CAN THO, Vietnam: As a child, Dong Van Canh watched while the rice fields of Vietnam’s Mekong Delta were set alight to make way for the next crop, blackening the sky and flooding the air with potent greenhouse gases.
Rice — Asia’s principal staple — is to blame for around 10 percent of global emissions of methane, a gas that over two decades traps about 80 times as much heat as carbon dioxide.
Usually associated with cows burping, high levels of methane are also generated by bacteria that grow in flooded rice paddies and thrive if leftover straw rots in the fields after harvest.
The message from scientists is: rice cannot be ignored in the battle to cut emissions.
In the Mekong Delta, Canh, now a 39-year-old rice farmer, does not leave straw out to decay on the paddies — nor does he burn it, as his parents did before him.
Motivated by the memory of being forced inside his home on days the smoke was thick — sometimes so acrid it made him choke or faint — he joined an initiative that removes straw from the fields and turns it into mushrooms and organic fertilizer, earning a small income on the side.
“If we can collect the straw and make money, all of us benefit,” he told Agence France-Presse (AFP), running his fingers through a large, soft mound of straw, cow dung and rice husks that will soon become nutritious food for Mekong crops.
The program — organized by the International Rice Research Institute (IRRI) — is one of a handful across Vietnam and the region trying to steadily shrink methane emissions from rice production.

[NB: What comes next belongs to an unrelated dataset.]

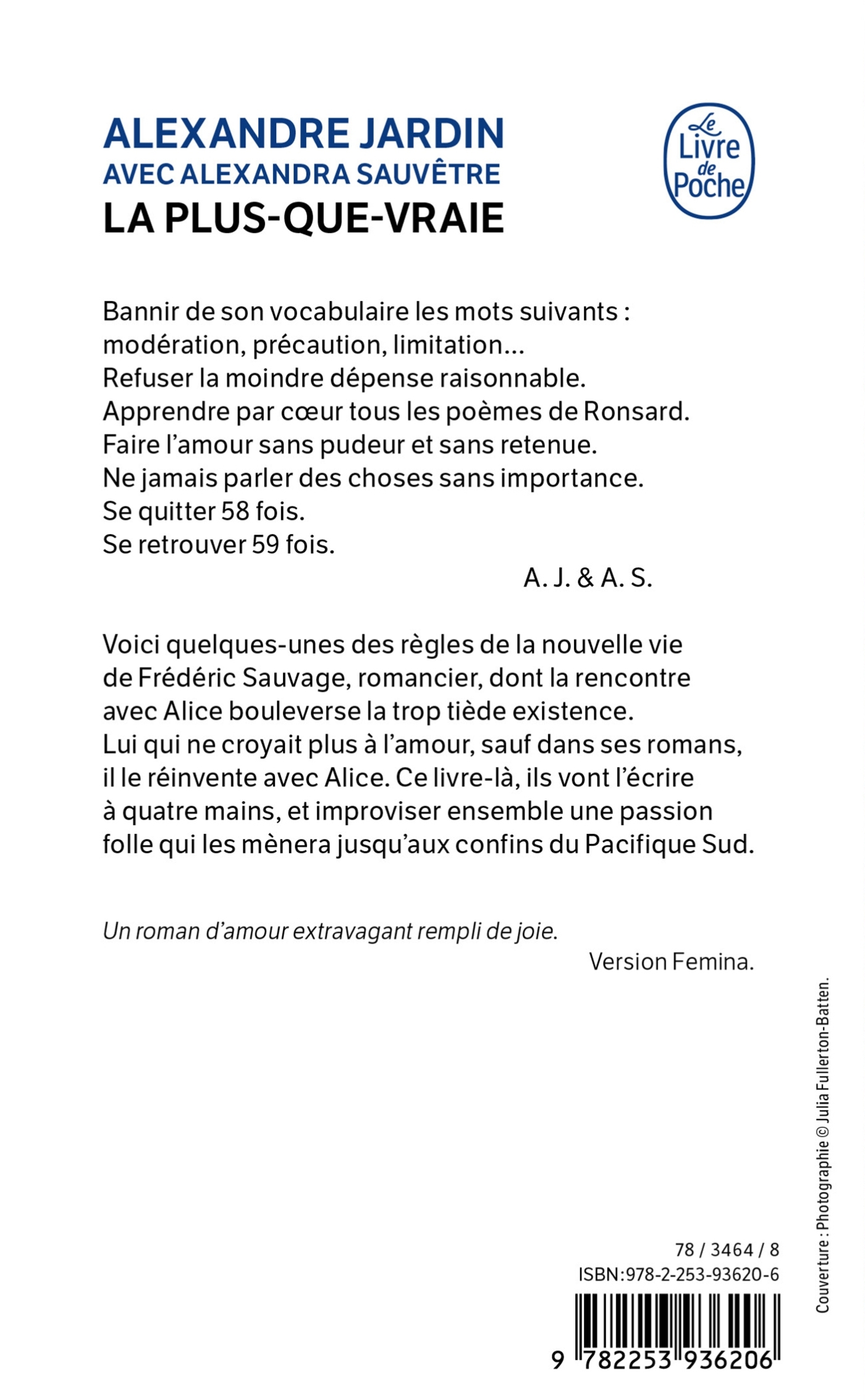 La Plus-que-vraie - Alexandre Jardin - LGF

Many of the initiatives are not new but have been spotlighted since around 100 countries signed the Global Methane Pledge two years ago, agreeing to reduce emissions by 30 percent from 2020 levels by 2030.

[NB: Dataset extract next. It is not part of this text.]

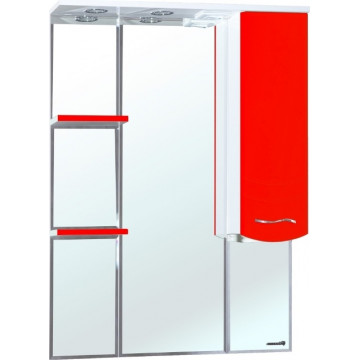 Зеркальный шкаф Bellezza Мари 1179 85 R с подсветкой белый/красный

Several of the world’s biggest rice producers, including Indonesia, Bangladesh and Vietnam, are on board — although the two largest, China and India, failed to sign.

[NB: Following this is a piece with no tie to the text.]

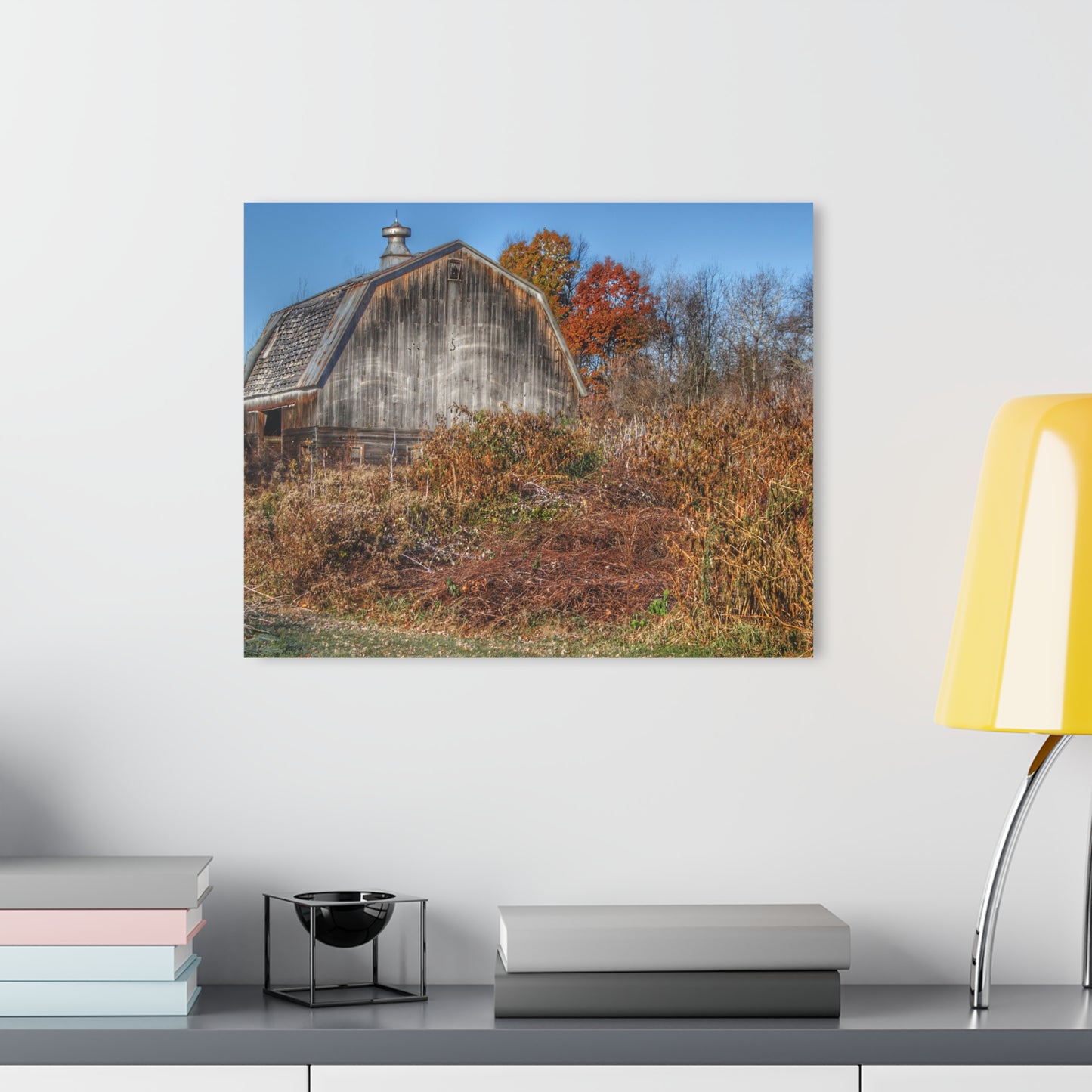 U R There Photography Vassar Road Hidden Grey II Rustic Farmhouse Acrylic Wall Print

In Vietnam, as the harvesting season draws to a close, farmers push carts overflowing with straw bales that will later be soaked and laid out to grow straw mushrooms.
Once the fungi are ready they will be sold before the farmers take back the straw and funnel it into a composting machine. Two months later it will be ready — and can be sold for around 15 cents a kilogram (2.2 pounds).
“In the past, a few farmers did this manually but it took too much manpower and the cost was high. Now we’ve cut costs by half and we will expand to meet the demands of the market,” said Le Dinh Du, a rice farmer who also heads the local district’s plant protection department.
“The rice goes on a nice journey. We don’t waste anything.”
Vietnam’s environment ministry says irrigated rice accounted for almost half of the methane emissions in 2019.
Climate-friendly straw management has been introduced and spread “widely to farmers and local agricultural officials” throughout the country, according to CGIAR, an international agricultural research center.
How many practice what they have learned is unclear. Last year the World Bank said that more than 80 percent of rice straw in the Mekong Delta is still burned in the fields after harvest.
The need to find solutions is pressing.
Unlike other crops, rice paddies have a layer of standing water, so there is no exchange of air between the soil and the atmosphere, explained Bjoern Ole Sander, a senior scientist at the IRRI in Hanoi.
These conditions mean different bacteria are active in rice, compared to wheat or maize fields.
“And these bacteria eat organic matter and produce methane,” he said.
As well as straw management, IRRI says another scheme called Alternate Wetting and Drying (AWD), which involves breaking up standing water to replenish oxygen and reduce methane-producing bacteria, could also help cut emissions.
Practiced on more than 200,000 hectares (494,210 acres) of rice-growing land in the Mekong delta’s An Giang province, CGIAR says it has made a significant difference.
For Mekong farmers that have taken the leap, there is pride in contributing to more sustainable farming while getting the most out of their crops.
“We lived hard lives,” said Canh. “But once we realized how to take advantage of the straw, things have gotten easier.”